Thursday, September 18, 2014

Seeing

I've spent thousands of hours in my backyard so I genuinely didn't expect to notice anything new.  Actually, I'm not sure if I have noticed anything I have not seen before; what's different is the lens I'm seeing through.  Instead of looking to see if things are dry and need water, I'm looking to see what I can see. 

I'm sure I've seen little blue-white butterflies (a long tailed blue butterfly) before but I never saw the orange eye on their wing.   


from: The Firefly Forest: Discovering and Enjoying Nature


I wonder if the eye is about scaring off predators?   "The butterfly had little color except for orange eye shaped spots on the lower back corner of his wings.  The orange mirrored the orange of the flower."   Field-notes, 9/15

I've seen thousands of slugs but never paid attention to how quickly they can move.  I plan to find out if they are what is so quickly devouring my fallen apples.  I think it's going to take a trip outside with a flashlight to find out if the slugs are working alone or if there are other night dwellers joining in.   "...this one [fallen apple] had a relatively large slug feasting on the broken and softening flesh.
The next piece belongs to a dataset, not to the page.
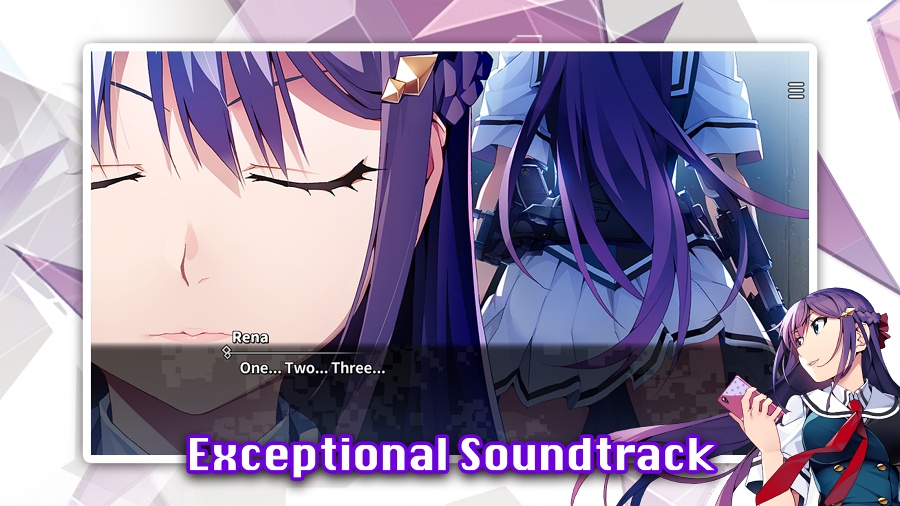Grisaia: Phantom Trigger Vol.1 เกมมือถือ Visual Novel ที่จะพาคุณไปดื่มด่ำเรื่องราวสุดเข้มข้น 9 Grisaia: Phantom Trigger Vol.1 Announced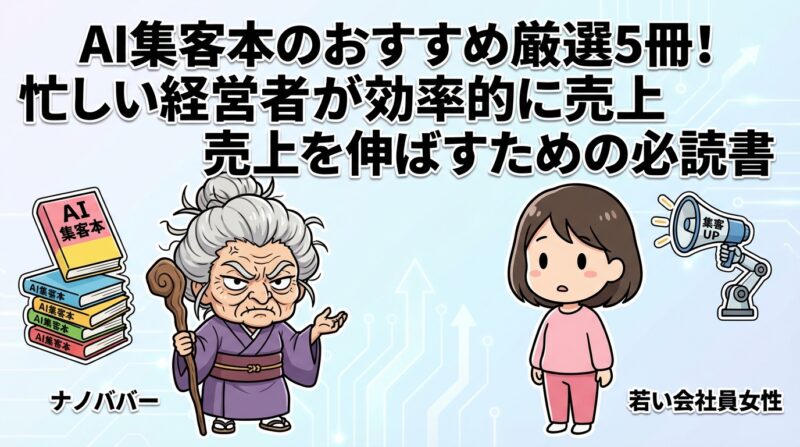 ai集客本の解説イメージ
The apple was sort of bubbling in its wound and the slug was bellied up to the sweet liquid." Field-notes, 9/14

I've seen those little birds (lesser finches)--about three inches from beak to tale.
I've seen the deeper yellow male and the more grey female.  I've seen them in the garden but never looked closely at what they are doing.  "They seemed to be gathering seeds out of the spent flower pods. The worked quickly and silently--holding on sideways to the swaying plant and twisting to gather their food." Field-notes, 9/13 
Field-notes 9/13

I wonder if, when these creatures see me, they see me? Or am I simply an annoyance to be avoided?  A part of the backdrop of their world?  Do they see any beauty in my existance?